Os EUA são fortes aliados de Salman bin Abdulaziz Al Saud da Arábia Saudita, de Abdel Fattah el-Sissi do Egito, de Teodoro Obiang Nguema Mbasogo da Guiné Equatorial, de Paul Kagame de Ruanda etc etc — todos ditadores com currículos nojentos. China, seu maior parceiro econômico, é uma ditadura comunista que atualmente mantém preso 1 milhão de membros da minoria étnica uighur, de acordo com a ONU. Quando o país aboliu limites de mandatos, abrindo as portas para Xi Jinping continuar como líder vitalício, Trump elogiou a decisão: “Presidente vitalício… acho ótimo. Talvez tenhamos que tentar isso algum dia”. Parafraseando o ex-presidente Franklin Delano Roosevelt, eles podem ser filhos da puta, mas são os nossos filhos da puta.

Trump quer trocar um filho da puta que não dobra os joelhos por um filho da puta que se ajoelha e dá a pata.

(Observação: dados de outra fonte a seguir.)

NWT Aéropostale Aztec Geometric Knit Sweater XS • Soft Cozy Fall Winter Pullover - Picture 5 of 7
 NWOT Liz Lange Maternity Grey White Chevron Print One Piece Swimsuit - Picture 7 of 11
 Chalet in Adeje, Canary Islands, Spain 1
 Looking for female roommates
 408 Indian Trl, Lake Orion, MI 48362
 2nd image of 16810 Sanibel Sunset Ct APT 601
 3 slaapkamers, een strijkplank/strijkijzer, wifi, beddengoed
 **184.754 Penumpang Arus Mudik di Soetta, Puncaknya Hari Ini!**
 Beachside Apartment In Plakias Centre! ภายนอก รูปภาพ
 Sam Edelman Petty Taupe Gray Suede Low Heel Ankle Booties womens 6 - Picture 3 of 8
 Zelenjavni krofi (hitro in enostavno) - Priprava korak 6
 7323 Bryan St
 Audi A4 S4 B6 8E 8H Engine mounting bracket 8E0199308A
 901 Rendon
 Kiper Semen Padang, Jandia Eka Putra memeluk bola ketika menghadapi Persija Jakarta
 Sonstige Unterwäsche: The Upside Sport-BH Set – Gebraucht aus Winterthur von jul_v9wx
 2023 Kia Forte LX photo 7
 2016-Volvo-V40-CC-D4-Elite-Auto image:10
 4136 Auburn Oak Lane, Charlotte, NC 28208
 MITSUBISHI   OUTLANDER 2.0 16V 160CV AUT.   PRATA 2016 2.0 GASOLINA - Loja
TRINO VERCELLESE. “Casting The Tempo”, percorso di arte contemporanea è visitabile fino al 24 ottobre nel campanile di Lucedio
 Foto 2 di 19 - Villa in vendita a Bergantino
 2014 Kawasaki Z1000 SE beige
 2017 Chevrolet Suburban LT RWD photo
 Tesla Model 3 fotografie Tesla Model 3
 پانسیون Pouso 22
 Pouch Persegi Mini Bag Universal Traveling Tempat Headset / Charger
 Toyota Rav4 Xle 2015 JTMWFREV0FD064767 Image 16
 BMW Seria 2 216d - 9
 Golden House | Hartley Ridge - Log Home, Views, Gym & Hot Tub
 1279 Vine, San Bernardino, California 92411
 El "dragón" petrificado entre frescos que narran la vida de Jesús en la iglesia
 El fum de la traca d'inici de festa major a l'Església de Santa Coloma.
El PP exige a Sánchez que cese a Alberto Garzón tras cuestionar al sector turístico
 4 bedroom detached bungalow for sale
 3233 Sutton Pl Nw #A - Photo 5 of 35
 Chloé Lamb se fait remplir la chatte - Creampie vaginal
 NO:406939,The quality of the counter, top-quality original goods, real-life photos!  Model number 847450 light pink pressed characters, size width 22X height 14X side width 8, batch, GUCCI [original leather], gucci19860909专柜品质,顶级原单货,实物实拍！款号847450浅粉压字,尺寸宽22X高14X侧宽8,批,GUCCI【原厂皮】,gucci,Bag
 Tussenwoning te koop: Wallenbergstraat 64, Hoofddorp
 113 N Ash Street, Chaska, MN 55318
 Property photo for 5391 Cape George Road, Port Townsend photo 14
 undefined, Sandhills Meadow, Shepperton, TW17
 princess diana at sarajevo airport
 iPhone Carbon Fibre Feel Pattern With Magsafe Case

E, quando o FDP não faz o que se espera dele, os EUA o servem aos leões.

Foi o caso do Muammar Gaddafi em 2011. No domingo passado, o senador americano Marco Rubio tuitou imagens dele, claramente como uma mensagem para Maduro. Gaddafi foi, com certeza, um filho da puta, mas, desde que foi derrubado, sodomizado com uma baioneta até morrer e seu corpo arrastado pelas ruas, seu país, a Líbia, está numa guerra civil sem fim, provocando uma enorme crise de refugiados, desestabilizando a região, espalhando terrorismo e promovendo o mercado clandestino de armas e escravos. Rubio, tiete de uma intervenção militar na Venezuela, sabe de tudo isso, mas acha que vale a pena. Grande humanitário.

Na próxima vez que você assistir Trump ou seus minions chorando sobre a crueldade de Maduro por negar a benevolente ajuda dos EUA ou qualquer reportagem jornalística que segue essa narrativa, sorria, cuspa e lembre que você está sendo manipulado! Não precisa gostar de Maduro para ser contra a ideia do Donald Trump derrubá-lo sob o risco de transformar a Venezuela nas novas Líbia, Síria ou Colômbia no século passado.